CommandLine::OptionParser

Welcome to OptionParser

OptionParser is designed to be a flexible command line parser with a Ruby look and feel to it. OptionParser got its birth from the need for a parser that is standards compliant, yet flexible. OptionParser supports the standard command line styles of Unix, Gnu and X Toolkit, but also lets you break those rules.

OptionParser is not a port of a traditional command line parser, but it is written to meet the feature requirements of traditional command line parsers. When using it as a library, you should notice that it is expressive, supports Ruby’s blocks and lambda’s, and is sprinkled with a little bit of magic.

While the library can be used by itself, it is also designed to work with the CommandLine::Application class. These tools work together to facilitate the generation of a sophisticated (batch oriented) application user interface in a matter of minutes.

If you need a refresher on the traditional option parsing schemes, see "Traditional Option Parsing Schemes" below.

Jumping Right In

OptionParser Usage

The OptionParser library consists of three classes, Option, OptionParser and OptionData. For each option an Option object is created. When you are ready to prepare for command line parsing, these options are collected into an array and fed to OptionParser. This OptionParser object controls the type of option scheme that is implemented. When it comes time to parse a command line, call the method Option#parse. This will parse any array, but parses ARGV by default. The result is an OptionData object. This object can be used from which to extract values or it can be passed to another class as a fully encapsulated data object.

Getting Started

Installing

  gem install -r OptionParser

Loading the library

  require 'rubygems'
  require 'commandline/optionparser'
  include CommandLine

Using Option Parser

An option is created with the following syntax:

  opt = Option.new([options], <properties>)

The options can be :flag or :posix. :flag means that the option is a mode flag and does not take any arguments. :posix means that Option will validate the properties to ensure they are posix compliant.

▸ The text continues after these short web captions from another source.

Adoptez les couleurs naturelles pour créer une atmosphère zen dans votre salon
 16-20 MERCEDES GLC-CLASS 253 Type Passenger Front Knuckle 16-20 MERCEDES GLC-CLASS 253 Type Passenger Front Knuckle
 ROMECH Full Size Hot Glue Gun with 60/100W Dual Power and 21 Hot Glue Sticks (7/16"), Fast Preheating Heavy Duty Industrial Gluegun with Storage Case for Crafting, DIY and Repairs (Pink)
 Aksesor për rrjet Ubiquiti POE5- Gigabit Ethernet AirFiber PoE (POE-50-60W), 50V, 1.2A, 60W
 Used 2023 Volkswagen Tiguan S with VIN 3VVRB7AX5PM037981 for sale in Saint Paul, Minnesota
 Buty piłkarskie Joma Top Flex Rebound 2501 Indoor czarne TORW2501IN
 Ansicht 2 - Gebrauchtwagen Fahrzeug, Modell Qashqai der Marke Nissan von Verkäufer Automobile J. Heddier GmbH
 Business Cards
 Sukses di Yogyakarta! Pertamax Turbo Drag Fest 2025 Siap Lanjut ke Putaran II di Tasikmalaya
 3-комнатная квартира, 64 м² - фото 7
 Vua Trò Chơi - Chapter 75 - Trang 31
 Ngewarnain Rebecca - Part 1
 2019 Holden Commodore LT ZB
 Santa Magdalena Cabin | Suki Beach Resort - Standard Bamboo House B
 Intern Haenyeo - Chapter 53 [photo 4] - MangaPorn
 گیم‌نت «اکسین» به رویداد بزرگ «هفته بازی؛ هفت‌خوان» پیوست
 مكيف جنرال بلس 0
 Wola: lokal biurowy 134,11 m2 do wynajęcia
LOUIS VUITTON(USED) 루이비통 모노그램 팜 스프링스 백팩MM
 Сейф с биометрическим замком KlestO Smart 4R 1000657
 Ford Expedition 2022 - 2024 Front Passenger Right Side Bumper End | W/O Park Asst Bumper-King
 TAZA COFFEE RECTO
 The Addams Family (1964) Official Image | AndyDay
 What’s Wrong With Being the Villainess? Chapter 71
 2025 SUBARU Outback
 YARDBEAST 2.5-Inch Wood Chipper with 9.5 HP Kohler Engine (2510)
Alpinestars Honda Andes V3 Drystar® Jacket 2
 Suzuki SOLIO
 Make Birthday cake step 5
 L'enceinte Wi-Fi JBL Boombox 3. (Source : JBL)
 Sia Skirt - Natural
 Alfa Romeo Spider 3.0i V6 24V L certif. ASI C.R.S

An option object has six properties. Four of these properties define attributes of the object. The last two define actions that are taken when a command line is parsed.

  1. :names
  2. :arg_arity
  3. :opt_description
  4. :arg_description
  5. :opt_found
  6. :opt_not_found

It is not necessary to set values for all of these properties. Some are set automatically, as we’ll see below.

Posix

The default Option object is non-posix.

    op1  = OptionParser.new(:posix, opts)
    op2  = OptionParser.new(opts)
    op1.posix  #=> true
    op2.posix  #=> false

Mode-Flag

To create a mode flag, that is, an option that is either true or false depending if it is seen on the command line or not, we could write:

  opt_debug = Option.new(
    :names           => %w(--debug -d),       # the flag has two names
    :arg_arity       => [0,0],                # this says take no arugments
    :opt_description => "Sets debug to true",
    :arg_description => "",
    :opt_found       => true,                 # true if seen on command line
    :opt_not_found   => false                 # false if not seen on command line
  )

Now, this is a lot of work just for a common mode-flag. However, there is a shorter way:

  opt = Option.new(:flag, :names => %w(--debug -d))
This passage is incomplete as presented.